About ₹8,100 crore collected from companies under the scrapped tax provision will be refunded if the firms agree to drop outstanding litigation, including claims for interest and penalties. Of this, ₹7,900 crore is due only to Cairn.
After this, the government last month notified rules that, when adhered to, will lead to the government withdrawing tax demands raised using the 2012 retrospective tax law and any tax collected in the enforcement of such demand is paid back.
For this, companies are required to indemnify the Indian government against future claims and withdraw any pending legal proceedings.
"In order to satisfy those conditions, Cairn will commence the filing of the necessary documentation under rule 11UF(3) of the Indian Income Tax Rules 1962(Rules) intimating the withdrawal, termination and/or discontinuance of various enforcement actions," the firm said in the statement.
Cairn said it is working collaboratively with the Government of India to expedite the refund within the Tax Amendment Act Rules.
From the refund it gets from the Indian government, Cairn will pay a previously announced special dividend in early 2022.
"Pursuant to the undertakings issued under clause (a) of Rule 11UE of the Indian Income Tax Rules, 1962, Cairn UK Holdings (together with its parent company Cairn Energy PLC as an 'Interested Party') hereby confirms that any claims arising out of or relating to the relevant order(s) (as defined in the Rules) or any related award, judgment or court order, no longer subsist," it said.

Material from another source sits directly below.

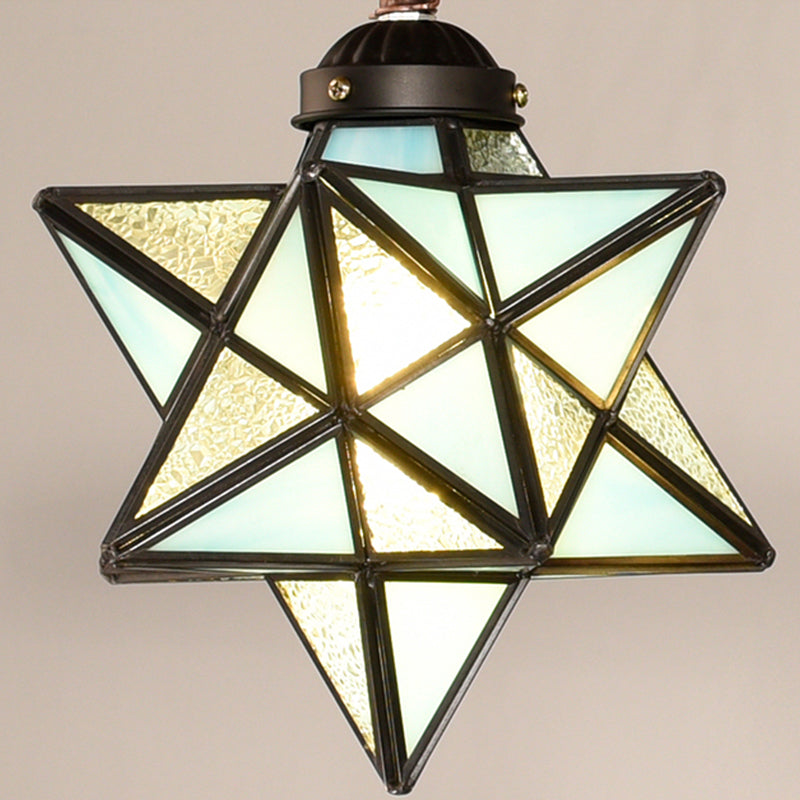 Rustic Star Chandelier Lamp - Wooden Board Design Colorful Glass Perfect For Kitchen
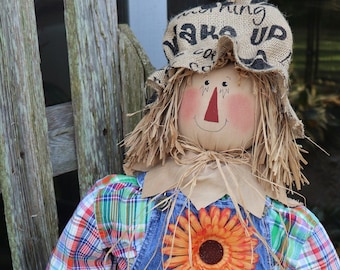 Country Scarecrow 34" long, real Clothes, Gloves, Hand Sewn Poseable FALL FUN! ShippedUSPS PRIORITY mail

The two have given an undertaking to "forever irrevocably forgo any reliance on any right and provisions under the awards, judgments and court orders." Also, "given a complete release of the Republic of India and any Indian Affiliates concerning the awards, judgement and court orders and for to any claims about the relevant order(s), as well as an indemnity in respect of any claims brought against the Republic of India or any India affiliate, including by related parties or interested parties," it said.
Cairn said the undertaking "confirmed that they will treat any such awards, judgement and court orders as null and void and without legal effect to the same extent as if they had been set aside by a competent court and will not take any action or initiate any proceeding or bring any claim based on that." The August legislation cancelled a 2012 policy that gave the tax department power to go back 50 years and slap capital gains levies wherever ownership had changed hands overseas, but business assets were in India.
The 2012 legislation was used to levy a cumulative of ₹1.10 lakh crore of tax on 17 entities, including UK telecom giant Vodafone but nearly 98 per cent of the ₹8,100 crore recovered in enforcing such a demand was only from Cairn.
An international arbitration tribunal in December overturned a levy of ₹10,247 crore in taxes on a 2006 reorganisation of Cairn's India prior to its listing, and asked the Indian government to return the value of shares seized and sold, dividend confiscated and tax refund withheld. This totalled USD 1.2 billion-plus interest and penalty.
The government initially refused to honour the award, forcing Cairn to identify USD 70 billion of Indian assets from the US to Singapore to enforce the ruling, including taking flag carrier Air India Ltd to a US court in May. A French court in July paved the way for Cairn to seize real estate belonging to the Indian government in Paris.
All these litigations will be dropped.